Plausible Culpability

Don't be so quick to dismiss Iran's bumbling assassination plot -- it's likely that it was green-lighted at the highest levels. And not responding forcefully is an invitation for more attacks.

BY DANIEL BYMAN | OCTOBER 28, 2011

Incredulity has been the most common response to reports that Iran plotted with Mexican drug traffickers to kill the Saudi ambassador to the United States, Adel al-Jubeir, at a Washington, D.C. restaurant. Given past U.S. intelligence failures, the opacity of the Iranian regime, and the seemingly clumsy nature of the operation, it is easy to dismiss the Obama administration's allegations that Iran planned such a risky attack. But there are plenty of reasons to think that the Islamic Republic's senior leadership was responsible for the plot.

The incredulity takes three forms:  the Iranians would never conduct such an operation because it goes against their interests; the Iranians are too competent for such a cartoonish plot; and if Iran did do such a thing, it must have been a rogue operation by junior intelligence officers. All these arguments are plausible -- and all are probably wrong.

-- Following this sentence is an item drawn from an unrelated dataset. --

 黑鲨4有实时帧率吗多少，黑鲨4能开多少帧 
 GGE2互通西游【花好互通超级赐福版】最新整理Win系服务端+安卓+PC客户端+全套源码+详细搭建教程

The suspected Iranian agent, Mansour Arbabsiar, allegedly met with a Drug Enforcement Administration (DEA) source whom he tried to hire for murder. "They want that guy done," he reportedly told the agent, referring to the Saudi ambassador. "If the hundred [of collateral victims] go with him, [expletive] them," according to the U.S. government complaint. Arbabsiar also "met several times in Iran" with Ali Gholam Shakuri, a senior member of Iran's paramilitary Quds Force, a special unit of the country's Revolutionary Guards that has carried out many terrorist attacks. Shakuri in turn informed the head of the Quds Force, who reports directly to Iran's Supreme Leader. There are also intercepted phone calls between Arbabsiar and Shakuri, which is hard evidence to dismiss. And then there is the money -- $100,000 -- transferred for the plot. Together this is pretty damning evidence.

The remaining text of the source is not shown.